Dorroh’s portrait of the past is a harbinger for all our litany of inevitabilities. How shall we make the most of the present? He compares the time stuck ultimately like a fruitcake set aside, safe but maybe only to be forgotten and maybe never even savored. For sure, no matter, by impatient beast or patient time it won’t last forever on its plate. Ignorance may be bliss, but it goes stale. It has a train to catch.
Review by Fred Pelka
“Childhood is the writer’s only capital.”
I thought of this epigram by Louis Auchincloss after my second or third time through this poem. Childhood can be as much a state of mind as a remembered set of experiences, and for a poem to revisit that state—all the while retaining the poet’s adult knowledge—is always tricky to do and a triumph when done well.
I was drawn in by the economy of the first line, which tells us both the time of year and the time of the poet’s life.

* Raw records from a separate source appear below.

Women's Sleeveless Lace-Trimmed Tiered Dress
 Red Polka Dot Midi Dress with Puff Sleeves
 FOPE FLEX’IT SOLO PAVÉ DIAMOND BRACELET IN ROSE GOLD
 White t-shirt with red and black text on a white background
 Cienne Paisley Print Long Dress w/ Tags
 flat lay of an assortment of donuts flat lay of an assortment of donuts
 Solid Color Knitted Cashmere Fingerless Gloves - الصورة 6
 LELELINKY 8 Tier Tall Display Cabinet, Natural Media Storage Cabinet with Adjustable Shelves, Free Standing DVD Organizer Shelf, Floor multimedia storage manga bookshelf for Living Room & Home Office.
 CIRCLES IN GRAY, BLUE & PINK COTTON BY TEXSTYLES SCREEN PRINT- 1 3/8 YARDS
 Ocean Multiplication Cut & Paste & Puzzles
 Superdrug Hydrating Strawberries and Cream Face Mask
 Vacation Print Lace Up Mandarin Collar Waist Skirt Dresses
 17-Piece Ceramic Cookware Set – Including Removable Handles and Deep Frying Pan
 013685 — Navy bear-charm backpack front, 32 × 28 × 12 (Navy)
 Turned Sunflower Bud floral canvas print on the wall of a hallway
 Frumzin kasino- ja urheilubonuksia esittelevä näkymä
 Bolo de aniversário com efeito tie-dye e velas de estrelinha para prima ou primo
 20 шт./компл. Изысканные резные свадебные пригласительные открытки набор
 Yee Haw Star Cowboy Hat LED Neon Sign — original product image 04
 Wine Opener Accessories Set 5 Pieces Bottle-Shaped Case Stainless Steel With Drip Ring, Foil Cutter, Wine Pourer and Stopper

From then on each line, each image enriches that opening. Lines like “holding each other like fireflies at dusk” and “new skin/holding me inside my comfort/zone” hold both a sense of the wistfulness of childhood and of the turmoil of the adolescence and then the adulthood that loom in the years ahead.
And then the concrete immediacy of “my parents in the next room,/the way they must be warming their bed.” The (bedroom) wall separating child from parents might represent innocence, or alienation, or the certain way time pushes us to certain strange conclusions, night after night. And then what child doesn’t want to understand more of the life around her?
John Dorroh in this poem poses the question, and opens for the reader all these possibilities, while setting us into a distinct mental state. And also asks of us: who can see the future? Who has ever been able to predict the snares we will encounter as we shift, first into adolescence, then adulthood? Climate change, pandemics, the threat of physical and sexual violence, the greed of “Big Pharma”—what child lying in bed at night could ever imagine such a future? Safe as fruitcake indeed.
Consulting the almighty Google I learn that “Ad Velorum” is a Latin phrase meaning “to the value” or “ according to the value.” Which brings me back to “the writer’s only capital.” I don’t know if this is what Mr. Dorroh had in mind, but if childhood is indeed our capital, I hope it isn’t too much a strain on the metaphor to say that it is our interest, the writer’s and now the reader’s, that adds to the value of this perfectly recounted slice of relived experience.
Review by Jared Pearce
The tension between the Latin, tax-reference title and the final object, the fruitcake, referring both to craziness and solidity, is palpably fun in this poem. The list of items, their locations in the house, the contrast between a twelver’s and an adult speaker’s consciousness is really keen. And while the adult knows the debt of childhood must be paid, it seems that, at least for the point of the poem, it’s worth it.